Saturday, June 18, 2005

Michael Kinsley Displays An Independent Stance On L.A. Times Editorial Pages

One thing that has to be said for Michael Kinsley of late is that he has staked out an independent position in some respects. As I said earlier in the week, his changes on the L.A. Times editorial pages deserve time to see how they will turn out.

But I personally liked the editorial page feature Thursday, while I was out of town attending a Dartmouth reunion, in which each of the members of the editorial board, including Kinsley, described their commuting experience. Traffic is one area, immigration being another, where Kinsley and his deputy, Andres Martinez, have promised to "think out loud," for awhile on an issue of infinite complexity, and this was a good start on traffic.

Especially attractive was Martinez observing, "The first time I felt like a bona fide Angeleno was the first time I used the term "surface street." And I also appreciated Kinsley, speaking of his commute from the Bunker Towers downhill to The Times, declaring, "And, of course, although I couldn't imagine that I would ever drive this pathetic distance, longtime Angelenos insisted that I would most of the time, and they were right."

I should acknowledge parenthetically, by the way, that I was wrong to suggest that Kinsley might be running up large hotel bills in his longer commute from his other home in Seattle. I'm glad to see he is living in Bunker Hill while he is here, hopefully not at the Times' expense.

Friday featured a long editorial on the progress or lack of it of the war in Iraq, and also an invitation to readers to try to fashion their own wiki editorial, rewriting the editorial on a Web page. We'll await word on how many actually took advantage of this. The danger is that it may serve to muddle up views of the Times' editorial positions. But it may give the readers a greater sense of their own participation. We'll have to see.

The most positive Kinsley exercise of the week, in my view, was his column last Sunday taking exception to the ordinary liberal view that the Downing Street Memo, revealed during the recent British election campaign, demonstrated "proof positive that President Bush was determined to invade Iraq a year before he did so."

Months ago, when I suggested that Kinsley was in an alliance with columnist Bob Scheer to "hijack" the Times' editorial pages, Kinsley quickly denounced that view as wrong, saying that he differed from Scheer.

Sunday's Kinsley column proved it. Kinsley made fun of the left in the column, declaring, "I don't buy the fuss" it is trying to make over the Downing Street Memo, and observing, "Developing a paranoid theory and promoting it to the very edge of national respectability takes ideological self-confidence. It takes a critical mass of citizens with extreme views and the time and energy to obsess about them..." Also, Kinsley referred casually to Scheer as a "left wing Los Angeles Times columnist," which he certainly is at the very least.
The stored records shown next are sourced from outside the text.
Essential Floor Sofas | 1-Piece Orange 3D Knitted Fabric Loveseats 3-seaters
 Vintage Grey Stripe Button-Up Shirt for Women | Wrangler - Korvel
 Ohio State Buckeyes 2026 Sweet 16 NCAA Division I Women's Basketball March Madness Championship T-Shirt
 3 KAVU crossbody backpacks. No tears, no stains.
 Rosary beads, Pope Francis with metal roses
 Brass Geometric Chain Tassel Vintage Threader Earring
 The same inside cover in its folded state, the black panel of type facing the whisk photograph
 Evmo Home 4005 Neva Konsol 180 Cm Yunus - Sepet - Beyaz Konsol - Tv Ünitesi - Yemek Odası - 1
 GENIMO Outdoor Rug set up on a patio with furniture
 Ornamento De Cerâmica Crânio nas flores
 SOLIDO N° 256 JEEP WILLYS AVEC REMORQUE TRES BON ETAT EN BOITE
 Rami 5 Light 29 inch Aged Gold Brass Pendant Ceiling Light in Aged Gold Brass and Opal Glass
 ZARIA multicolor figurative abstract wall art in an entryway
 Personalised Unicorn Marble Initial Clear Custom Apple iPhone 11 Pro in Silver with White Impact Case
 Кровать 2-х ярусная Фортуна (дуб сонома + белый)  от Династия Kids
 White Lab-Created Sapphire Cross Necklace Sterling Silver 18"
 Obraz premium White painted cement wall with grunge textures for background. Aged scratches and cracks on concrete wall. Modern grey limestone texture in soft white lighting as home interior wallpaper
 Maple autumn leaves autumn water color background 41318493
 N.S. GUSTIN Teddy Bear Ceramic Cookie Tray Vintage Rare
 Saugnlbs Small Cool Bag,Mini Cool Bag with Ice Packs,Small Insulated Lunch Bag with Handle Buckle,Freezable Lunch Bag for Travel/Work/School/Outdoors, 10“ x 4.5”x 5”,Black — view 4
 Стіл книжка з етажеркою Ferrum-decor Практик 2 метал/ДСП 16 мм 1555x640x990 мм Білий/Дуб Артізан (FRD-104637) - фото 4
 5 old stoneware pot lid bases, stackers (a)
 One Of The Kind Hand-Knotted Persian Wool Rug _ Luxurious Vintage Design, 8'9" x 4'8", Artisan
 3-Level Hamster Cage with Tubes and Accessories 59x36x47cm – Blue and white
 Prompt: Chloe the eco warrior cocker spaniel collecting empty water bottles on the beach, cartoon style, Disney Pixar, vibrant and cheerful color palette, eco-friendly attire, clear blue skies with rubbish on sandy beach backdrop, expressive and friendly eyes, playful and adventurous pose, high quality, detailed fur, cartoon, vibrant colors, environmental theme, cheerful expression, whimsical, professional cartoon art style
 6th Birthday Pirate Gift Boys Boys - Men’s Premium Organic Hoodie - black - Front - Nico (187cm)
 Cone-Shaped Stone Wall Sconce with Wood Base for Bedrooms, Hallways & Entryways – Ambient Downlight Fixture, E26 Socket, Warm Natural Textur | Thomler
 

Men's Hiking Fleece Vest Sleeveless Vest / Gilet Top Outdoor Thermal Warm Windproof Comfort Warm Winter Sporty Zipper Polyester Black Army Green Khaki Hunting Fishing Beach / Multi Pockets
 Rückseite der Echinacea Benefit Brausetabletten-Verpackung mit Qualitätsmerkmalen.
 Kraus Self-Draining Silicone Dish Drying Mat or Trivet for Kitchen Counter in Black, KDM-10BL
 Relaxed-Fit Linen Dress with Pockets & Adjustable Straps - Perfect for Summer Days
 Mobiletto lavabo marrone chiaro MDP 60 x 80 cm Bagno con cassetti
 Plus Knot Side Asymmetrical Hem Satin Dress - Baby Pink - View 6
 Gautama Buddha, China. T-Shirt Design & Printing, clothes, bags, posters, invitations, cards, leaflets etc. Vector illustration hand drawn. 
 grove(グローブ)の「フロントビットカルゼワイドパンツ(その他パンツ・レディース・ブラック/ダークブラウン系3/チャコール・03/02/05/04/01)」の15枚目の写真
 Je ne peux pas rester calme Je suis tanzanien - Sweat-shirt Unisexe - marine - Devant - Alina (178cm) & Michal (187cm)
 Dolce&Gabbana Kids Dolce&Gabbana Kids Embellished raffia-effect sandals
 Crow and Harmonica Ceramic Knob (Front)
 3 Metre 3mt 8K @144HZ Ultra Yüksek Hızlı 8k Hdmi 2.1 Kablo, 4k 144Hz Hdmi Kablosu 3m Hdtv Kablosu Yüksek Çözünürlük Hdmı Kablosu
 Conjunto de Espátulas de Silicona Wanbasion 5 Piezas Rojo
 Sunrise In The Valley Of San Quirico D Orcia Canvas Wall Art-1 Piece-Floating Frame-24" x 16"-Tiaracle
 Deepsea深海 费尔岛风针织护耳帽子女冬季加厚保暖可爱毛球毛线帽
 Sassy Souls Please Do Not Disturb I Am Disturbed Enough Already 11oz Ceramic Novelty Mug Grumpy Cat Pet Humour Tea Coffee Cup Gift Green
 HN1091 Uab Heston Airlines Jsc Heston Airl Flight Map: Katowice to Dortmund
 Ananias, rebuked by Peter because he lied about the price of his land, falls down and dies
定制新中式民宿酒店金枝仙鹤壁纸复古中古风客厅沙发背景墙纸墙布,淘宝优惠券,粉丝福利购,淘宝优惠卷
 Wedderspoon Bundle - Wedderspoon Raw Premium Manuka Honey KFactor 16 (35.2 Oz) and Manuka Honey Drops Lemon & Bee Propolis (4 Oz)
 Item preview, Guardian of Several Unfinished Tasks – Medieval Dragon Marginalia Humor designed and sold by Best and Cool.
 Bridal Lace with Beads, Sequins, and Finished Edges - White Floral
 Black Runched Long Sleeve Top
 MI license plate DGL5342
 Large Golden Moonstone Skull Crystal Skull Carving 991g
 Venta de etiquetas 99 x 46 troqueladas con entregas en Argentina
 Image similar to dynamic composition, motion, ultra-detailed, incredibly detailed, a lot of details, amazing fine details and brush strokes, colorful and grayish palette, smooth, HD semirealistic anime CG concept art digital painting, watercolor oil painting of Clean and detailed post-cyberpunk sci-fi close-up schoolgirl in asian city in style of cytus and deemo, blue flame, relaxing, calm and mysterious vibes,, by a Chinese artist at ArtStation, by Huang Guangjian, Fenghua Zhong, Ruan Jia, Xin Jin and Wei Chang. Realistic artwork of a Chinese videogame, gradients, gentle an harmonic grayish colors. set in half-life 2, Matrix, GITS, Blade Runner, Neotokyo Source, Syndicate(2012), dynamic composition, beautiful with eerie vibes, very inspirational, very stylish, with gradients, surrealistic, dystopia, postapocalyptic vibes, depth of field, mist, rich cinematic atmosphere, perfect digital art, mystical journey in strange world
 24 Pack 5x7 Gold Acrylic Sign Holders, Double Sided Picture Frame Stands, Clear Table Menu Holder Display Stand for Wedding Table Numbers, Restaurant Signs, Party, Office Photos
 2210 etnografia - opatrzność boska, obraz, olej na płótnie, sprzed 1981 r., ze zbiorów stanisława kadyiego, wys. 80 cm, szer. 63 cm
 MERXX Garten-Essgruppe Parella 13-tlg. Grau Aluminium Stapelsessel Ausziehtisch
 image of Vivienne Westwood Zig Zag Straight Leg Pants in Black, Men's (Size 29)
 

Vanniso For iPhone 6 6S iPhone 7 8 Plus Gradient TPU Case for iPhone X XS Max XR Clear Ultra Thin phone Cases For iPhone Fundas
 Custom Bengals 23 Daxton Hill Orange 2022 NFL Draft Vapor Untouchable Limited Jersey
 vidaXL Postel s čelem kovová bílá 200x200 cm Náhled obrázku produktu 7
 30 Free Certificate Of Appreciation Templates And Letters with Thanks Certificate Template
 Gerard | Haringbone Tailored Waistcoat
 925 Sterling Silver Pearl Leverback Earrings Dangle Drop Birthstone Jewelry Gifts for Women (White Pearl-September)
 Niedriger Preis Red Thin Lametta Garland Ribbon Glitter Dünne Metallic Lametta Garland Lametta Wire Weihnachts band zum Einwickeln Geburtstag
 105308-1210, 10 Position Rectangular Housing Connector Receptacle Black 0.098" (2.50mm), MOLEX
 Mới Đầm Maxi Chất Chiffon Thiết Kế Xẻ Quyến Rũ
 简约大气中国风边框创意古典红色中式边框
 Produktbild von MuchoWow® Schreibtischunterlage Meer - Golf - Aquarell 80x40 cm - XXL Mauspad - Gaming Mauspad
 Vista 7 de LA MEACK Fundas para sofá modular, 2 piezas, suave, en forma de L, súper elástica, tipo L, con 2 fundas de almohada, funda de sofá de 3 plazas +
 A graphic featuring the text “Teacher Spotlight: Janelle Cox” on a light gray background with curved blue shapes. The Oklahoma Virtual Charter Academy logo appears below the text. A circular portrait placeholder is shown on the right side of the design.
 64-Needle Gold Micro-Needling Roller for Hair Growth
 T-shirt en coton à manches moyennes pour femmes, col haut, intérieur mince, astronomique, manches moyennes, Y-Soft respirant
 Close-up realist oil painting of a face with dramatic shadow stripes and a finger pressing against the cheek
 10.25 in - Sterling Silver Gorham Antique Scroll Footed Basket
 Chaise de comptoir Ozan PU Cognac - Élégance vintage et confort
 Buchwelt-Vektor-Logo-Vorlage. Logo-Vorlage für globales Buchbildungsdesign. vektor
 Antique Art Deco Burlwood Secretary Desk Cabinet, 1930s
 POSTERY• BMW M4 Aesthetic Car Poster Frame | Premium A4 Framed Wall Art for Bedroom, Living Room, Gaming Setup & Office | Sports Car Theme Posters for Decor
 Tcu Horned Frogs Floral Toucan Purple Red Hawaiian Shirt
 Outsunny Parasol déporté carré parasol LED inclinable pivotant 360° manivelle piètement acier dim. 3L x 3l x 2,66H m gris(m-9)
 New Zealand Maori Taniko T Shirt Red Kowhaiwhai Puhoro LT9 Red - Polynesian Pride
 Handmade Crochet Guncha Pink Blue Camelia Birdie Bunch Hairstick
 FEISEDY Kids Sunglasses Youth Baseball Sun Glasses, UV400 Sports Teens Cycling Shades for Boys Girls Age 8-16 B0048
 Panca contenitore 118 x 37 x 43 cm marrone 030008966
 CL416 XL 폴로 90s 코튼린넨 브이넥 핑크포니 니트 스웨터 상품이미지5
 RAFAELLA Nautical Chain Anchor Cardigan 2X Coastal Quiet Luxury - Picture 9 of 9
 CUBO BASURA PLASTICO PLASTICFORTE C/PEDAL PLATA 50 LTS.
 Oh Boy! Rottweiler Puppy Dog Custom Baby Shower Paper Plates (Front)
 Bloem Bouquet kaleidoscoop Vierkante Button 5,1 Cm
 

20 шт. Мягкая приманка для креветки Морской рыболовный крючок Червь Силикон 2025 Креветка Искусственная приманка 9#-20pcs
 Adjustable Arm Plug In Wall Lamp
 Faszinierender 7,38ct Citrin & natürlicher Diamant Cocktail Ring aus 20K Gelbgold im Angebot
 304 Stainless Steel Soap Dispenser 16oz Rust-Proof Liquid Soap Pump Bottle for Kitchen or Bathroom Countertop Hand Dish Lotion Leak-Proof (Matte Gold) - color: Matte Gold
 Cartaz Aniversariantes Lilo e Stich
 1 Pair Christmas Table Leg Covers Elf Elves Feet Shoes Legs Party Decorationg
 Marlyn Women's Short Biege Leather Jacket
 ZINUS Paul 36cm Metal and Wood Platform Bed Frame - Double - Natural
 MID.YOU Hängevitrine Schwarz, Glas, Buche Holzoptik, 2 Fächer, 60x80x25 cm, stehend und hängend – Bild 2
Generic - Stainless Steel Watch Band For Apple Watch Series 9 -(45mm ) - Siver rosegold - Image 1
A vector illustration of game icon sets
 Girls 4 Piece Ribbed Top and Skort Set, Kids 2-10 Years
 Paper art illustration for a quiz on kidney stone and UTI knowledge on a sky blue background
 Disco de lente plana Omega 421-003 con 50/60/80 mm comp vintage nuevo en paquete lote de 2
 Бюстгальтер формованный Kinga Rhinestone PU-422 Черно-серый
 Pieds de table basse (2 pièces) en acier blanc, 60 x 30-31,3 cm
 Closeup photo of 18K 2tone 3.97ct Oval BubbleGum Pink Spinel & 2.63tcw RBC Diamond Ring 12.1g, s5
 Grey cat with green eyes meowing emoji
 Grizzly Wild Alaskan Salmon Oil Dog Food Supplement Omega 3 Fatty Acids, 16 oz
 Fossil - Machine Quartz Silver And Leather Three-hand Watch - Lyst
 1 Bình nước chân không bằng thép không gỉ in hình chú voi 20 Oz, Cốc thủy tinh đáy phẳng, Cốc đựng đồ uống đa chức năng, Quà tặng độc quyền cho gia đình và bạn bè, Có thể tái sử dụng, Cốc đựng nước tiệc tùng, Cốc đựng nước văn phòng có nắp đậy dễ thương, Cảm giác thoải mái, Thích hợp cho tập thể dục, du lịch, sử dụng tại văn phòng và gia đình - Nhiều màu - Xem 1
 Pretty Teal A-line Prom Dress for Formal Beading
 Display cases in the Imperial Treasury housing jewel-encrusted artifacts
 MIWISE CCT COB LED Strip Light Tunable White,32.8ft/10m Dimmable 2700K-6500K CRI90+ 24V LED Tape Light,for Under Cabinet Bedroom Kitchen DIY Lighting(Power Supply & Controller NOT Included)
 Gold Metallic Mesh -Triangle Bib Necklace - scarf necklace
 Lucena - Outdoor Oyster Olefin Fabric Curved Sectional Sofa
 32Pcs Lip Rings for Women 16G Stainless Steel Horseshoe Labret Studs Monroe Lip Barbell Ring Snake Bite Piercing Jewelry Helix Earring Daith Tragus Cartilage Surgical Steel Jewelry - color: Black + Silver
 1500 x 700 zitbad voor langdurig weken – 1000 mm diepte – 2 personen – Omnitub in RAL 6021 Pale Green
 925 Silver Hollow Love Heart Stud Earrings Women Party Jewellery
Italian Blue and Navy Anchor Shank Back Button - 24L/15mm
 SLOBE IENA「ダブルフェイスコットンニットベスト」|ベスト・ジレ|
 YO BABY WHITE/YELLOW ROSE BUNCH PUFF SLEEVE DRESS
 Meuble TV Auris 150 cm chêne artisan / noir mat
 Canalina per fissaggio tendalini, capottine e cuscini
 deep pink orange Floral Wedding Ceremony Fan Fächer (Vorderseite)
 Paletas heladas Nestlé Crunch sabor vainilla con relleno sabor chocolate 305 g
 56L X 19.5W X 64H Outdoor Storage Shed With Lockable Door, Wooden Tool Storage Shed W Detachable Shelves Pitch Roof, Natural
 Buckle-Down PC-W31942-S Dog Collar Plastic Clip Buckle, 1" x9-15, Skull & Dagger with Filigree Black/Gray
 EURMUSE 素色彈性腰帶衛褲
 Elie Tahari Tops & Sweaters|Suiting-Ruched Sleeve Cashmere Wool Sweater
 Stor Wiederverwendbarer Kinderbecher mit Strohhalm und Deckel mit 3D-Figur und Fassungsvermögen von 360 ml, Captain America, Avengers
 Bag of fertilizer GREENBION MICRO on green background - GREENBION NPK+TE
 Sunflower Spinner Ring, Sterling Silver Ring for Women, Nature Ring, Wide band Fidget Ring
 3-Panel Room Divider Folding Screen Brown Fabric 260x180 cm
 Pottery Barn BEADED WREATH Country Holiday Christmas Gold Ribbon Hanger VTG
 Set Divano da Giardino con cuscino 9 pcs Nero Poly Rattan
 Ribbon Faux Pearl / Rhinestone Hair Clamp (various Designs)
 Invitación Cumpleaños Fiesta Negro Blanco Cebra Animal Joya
It is refreshing to see Kinsley use the term left wing as well as right wing, calling people for what they are. And the headline of Kinsley's column was, "The Left Gets A Memo."

That Kinsley's column struck a nerve was shown Wednesday when the Times ran three letters taking him to task for allegedly being what one reader described as "the most aimiable of lap dogs." Another said, "Shame on the press for not being more aggressive on this issue. Your la-de-da. this-has-been-written-about-before attitude is exactly what's wrong with this picture. Whatever happened to investigative journalism?"

A ha! I'm delighted when some of the Times' crazy left wing readers find cause to criticize the paper from the left. It can't help but help circulation, down more than 200,000 under Tribune ownership.

Now, we know why Kinsley didn't endorse Sen. Kerry in the last election. He was a closet Bush supporter. (Just kidding).

But, seriously, to the extent Kinsley runs an independemt. free-thinking editorial page, he will begin to command respect for himself and the newspaper, even if he does live half the time and votes in the state of Washington.